Many of the pyramidal corporate management structures favored up to the 1990s have virtually all been closeted in favor of the lean, flat organizational tree, in which executive and operational management staff often take on symbiotic roles.
Within these downsized, ‘flatter’ management organizations, however, there remain hierarchical levels of accountability and responsibility. For example, in today’s typical organization the maintainer might report to either a maintenance or production supervisor, who, in turn, may report to a dual-role maintenance/production manager, who may report to the plant manager, who could report to the board of directors, who, in turn, reports to its corporate shareholders. Add profit sharing to the mix and the circle is complete when the maintainer is also a shareholder. In this new order, each and every corporate employee is charged with a degree of responsibility and accountability, to be defined within their new job description.

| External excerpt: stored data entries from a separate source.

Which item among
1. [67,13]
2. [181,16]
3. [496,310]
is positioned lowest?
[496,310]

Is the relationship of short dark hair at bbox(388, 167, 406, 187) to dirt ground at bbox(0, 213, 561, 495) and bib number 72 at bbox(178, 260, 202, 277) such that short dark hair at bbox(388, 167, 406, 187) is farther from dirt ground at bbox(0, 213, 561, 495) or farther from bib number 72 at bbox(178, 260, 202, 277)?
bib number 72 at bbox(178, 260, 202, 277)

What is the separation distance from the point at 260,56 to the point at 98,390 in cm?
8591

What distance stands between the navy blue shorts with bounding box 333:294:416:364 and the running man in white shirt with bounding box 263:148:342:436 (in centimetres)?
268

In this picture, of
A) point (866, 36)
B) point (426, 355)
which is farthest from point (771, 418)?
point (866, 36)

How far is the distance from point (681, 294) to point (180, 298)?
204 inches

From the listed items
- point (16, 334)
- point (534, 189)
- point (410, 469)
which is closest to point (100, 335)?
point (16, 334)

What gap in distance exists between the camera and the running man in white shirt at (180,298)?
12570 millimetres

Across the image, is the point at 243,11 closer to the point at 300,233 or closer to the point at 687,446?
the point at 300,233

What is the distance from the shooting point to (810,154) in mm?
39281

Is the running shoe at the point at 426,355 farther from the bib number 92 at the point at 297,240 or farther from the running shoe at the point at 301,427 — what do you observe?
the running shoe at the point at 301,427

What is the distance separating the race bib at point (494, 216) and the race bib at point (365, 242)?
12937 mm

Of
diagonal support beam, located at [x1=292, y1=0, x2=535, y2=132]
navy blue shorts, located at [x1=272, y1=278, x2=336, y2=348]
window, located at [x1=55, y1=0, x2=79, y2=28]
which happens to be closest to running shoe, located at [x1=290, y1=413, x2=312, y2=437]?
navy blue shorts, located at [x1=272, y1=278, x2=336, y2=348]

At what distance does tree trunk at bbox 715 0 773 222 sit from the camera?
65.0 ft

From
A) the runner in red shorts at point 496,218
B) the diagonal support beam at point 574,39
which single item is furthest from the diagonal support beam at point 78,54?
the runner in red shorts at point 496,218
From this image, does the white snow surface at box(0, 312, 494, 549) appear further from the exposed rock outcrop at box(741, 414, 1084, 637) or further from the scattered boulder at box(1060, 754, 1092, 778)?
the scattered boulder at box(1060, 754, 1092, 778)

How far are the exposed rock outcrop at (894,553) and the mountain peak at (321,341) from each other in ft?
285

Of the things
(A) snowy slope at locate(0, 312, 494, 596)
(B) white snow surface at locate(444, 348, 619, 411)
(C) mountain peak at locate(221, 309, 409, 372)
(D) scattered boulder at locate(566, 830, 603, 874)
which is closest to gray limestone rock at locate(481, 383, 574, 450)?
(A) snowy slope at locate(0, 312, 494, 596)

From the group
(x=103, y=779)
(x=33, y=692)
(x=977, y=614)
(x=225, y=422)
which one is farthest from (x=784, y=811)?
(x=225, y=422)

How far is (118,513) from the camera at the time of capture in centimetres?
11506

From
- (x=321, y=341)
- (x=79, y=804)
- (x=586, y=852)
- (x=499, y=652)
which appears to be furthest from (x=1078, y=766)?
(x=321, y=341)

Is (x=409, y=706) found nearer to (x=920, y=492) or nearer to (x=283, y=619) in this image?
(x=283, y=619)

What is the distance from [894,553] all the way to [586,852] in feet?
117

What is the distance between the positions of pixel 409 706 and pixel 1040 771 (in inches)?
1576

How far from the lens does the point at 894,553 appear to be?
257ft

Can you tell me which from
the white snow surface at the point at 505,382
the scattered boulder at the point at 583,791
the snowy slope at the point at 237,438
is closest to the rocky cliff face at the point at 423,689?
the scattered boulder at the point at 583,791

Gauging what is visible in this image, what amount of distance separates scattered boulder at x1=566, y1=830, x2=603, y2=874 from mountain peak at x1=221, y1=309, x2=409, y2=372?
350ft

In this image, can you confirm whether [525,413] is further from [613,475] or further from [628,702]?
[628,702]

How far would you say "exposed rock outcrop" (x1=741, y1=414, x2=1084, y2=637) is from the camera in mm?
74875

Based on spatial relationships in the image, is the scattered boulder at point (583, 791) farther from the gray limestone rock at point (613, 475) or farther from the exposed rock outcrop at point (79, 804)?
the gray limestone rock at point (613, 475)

Within the maintenance function, management’s
responsibility is two-fold: first, to understand and
communicate the business needs of the corporation
to the maintenance fraternity; and second,
to provide the maintenance department with a
set of structured management systems, processes
and integrated business/department goals that
allow maintenance to perform and achieve in a
productive, proactive manner. When a maintenance
department is able to work with a management
team that delivers on its responsibilities and
understands the integral nature of the maintenance
function, it is more likely to accept change, and
tangibly measure, quantify (probably for the first
time ever) and improve upon its corporate goals. How is this achieved?

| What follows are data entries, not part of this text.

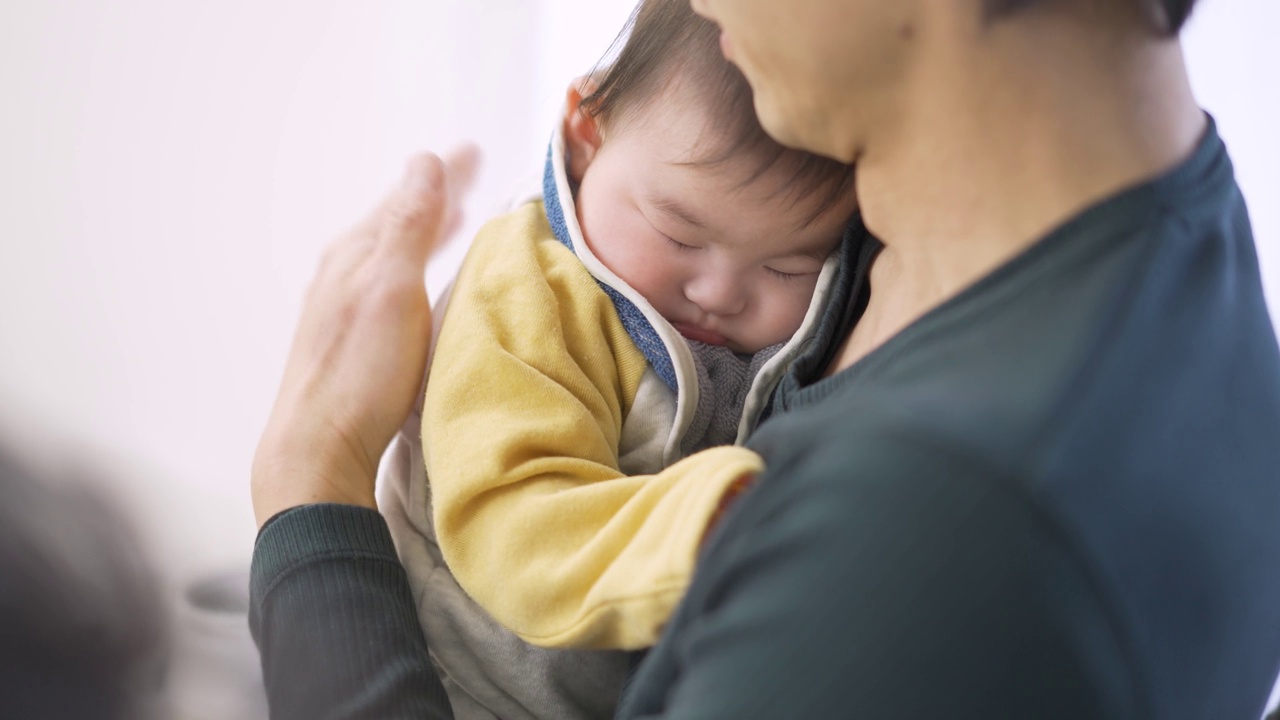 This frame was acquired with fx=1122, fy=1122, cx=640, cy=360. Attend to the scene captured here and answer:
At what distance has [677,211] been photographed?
1.03 metres

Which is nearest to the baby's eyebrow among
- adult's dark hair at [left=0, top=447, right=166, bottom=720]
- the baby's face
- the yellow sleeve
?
the baby's face

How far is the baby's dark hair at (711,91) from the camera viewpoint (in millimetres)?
980

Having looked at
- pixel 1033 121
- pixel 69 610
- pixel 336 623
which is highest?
pixel 1033 121

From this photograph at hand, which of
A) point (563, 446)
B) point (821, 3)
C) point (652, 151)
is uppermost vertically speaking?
point (821, 3)

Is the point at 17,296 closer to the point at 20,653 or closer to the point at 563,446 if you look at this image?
the point at 20,653

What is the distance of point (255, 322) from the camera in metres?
1.45

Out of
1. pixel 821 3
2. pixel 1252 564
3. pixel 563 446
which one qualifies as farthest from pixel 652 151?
pixel 1252 564

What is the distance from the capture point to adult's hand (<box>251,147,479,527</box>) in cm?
101

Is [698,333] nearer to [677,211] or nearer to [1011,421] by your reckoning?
[677,211]

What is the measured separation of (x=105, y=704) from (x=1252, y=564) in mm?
1126

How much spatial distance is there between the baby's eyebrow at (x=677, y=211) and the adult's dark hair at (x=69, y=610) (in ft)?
2.44

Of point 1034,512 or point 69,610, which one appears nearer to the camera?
point 1034,512

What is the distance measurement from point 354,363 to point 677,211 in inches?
13.6

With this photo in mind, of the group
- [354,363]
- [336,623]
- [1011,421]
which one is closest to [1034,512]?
[1011,421] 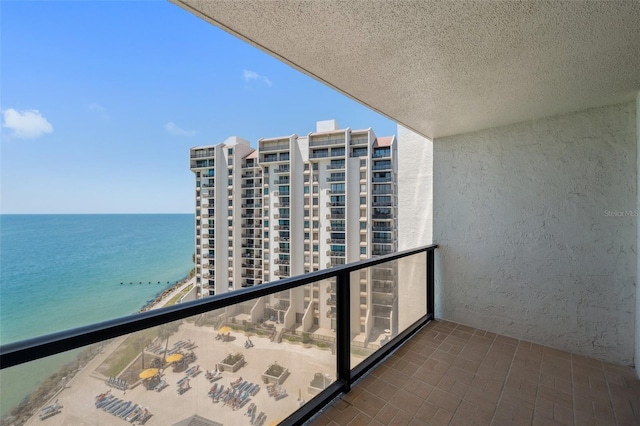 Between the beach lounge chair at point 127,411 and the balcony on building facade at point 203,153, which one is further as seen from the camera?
the balcony on building facade at point 203,153

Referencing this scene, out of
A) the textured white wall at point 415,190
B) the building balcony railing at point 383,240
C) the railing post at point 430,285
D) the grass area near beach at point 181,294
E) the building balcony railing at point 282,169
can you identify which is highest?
the building balcony railing at point 282,169

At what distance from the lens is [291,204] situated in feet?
82.5

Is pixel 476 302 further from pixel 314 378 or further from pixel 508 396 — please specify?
pixel 314 378

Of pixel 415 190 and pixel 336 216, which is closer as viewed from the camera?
pixel 415 190

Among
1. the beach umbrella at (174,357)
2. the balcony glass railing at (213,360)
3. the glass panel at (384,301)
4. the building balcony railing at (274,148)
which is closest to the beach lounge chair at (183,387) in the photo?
the balcony glass railing at (213,360)

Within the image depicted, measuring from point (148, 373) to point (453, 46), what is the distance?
7.95 feet

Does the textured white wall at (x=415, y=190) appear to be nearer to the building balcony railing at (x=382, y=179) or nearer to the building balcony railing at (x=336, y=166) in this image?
the building balcony railing at (x=382, y=179)

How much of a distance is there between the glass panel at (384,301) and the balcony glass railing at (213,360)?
0.03 metres

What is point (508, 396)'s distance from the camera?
2.11m

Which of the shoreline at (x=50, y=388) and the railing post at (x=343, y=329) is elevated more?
the shoreline at (x=50, y=388)

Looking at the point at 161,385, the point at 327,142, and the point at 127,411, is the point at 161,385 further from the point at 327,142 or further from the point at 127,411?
the point at 327,142

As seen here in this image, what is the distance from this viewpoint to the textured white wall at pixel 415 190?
3859 mm

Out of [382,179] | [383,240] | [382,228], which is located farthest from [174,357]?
[382,179]

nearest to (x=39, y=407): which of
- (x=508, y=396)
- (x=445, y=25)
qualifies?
(x=445, y=25)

Understanding prompts communication
A manager’s business perspective is very different
to that of a maintainer. Whereas a maintainer will
usually only plan (if at all) for daily/weekly activities,
and is more likely to be involved in work at a detailed
or ‘micro’ level, an executive manager’s perspective is
more likely to take on a macro approach, requiring
planning in the three- to five-year range, viewing
business from a 60,000 ft. perspective. An operations
or middle manager’s responsibility is to bridge
the gap between the micro and macro, providing
logistical planning in the monthly to yearly time
frame. Understanding each other’s differing needs
and requirements is key to harmonization and
communication within the corporation. This is
achieved through a number of initiatives:
Aligned Vision…
The maintenance department partners with
management to chart out a departmental vision
that clearly defines and states to all other departments
its commitment to them and the corporation
as a whole. The maintenance vision is easily
crafted using the corporate vision statements as
templates, ensuring cohesion and alignment with
other departments and the corporation.
Corporate-wide Programs…
The maintenance department aligns its business
methods and processes to comply with such
corporate-wide initiatives as quality assurance
ISO 9000/QS 9000 or environmental ISO 14,000.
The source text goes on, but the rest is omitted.